_WHAT YOU SHOULD DO:_
What is needed is an exact reproduction of the lines in the records below, starting at the line with "computer_networks06A.ppt" and ending at the line with "Round Switch: Nova", both included, and nothing else; pictures stay out.

_DATA:_
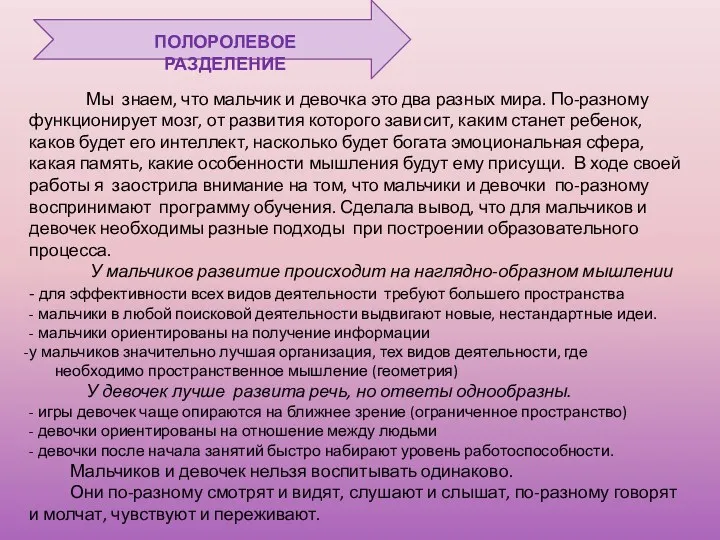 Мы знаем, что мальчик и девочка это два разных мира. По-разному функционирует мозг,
==
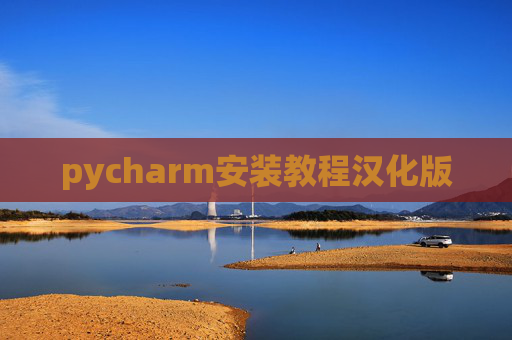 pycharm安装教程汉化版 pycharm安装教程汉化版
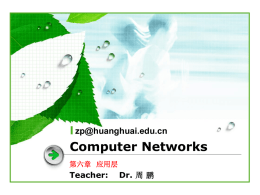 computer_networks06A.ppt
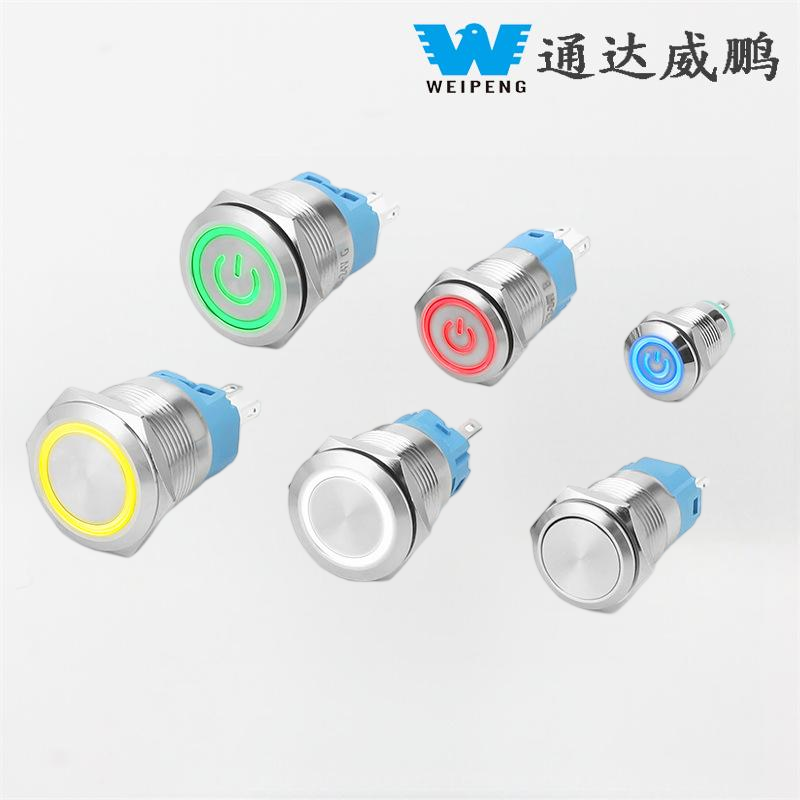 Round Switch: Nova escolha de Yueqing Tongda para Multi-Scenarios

_EXERCISE SOLUTION:_
 computer_networks06A.ppt
 Round Switch: Nova escolha de Yueqing Tongda para Multi-Scenarios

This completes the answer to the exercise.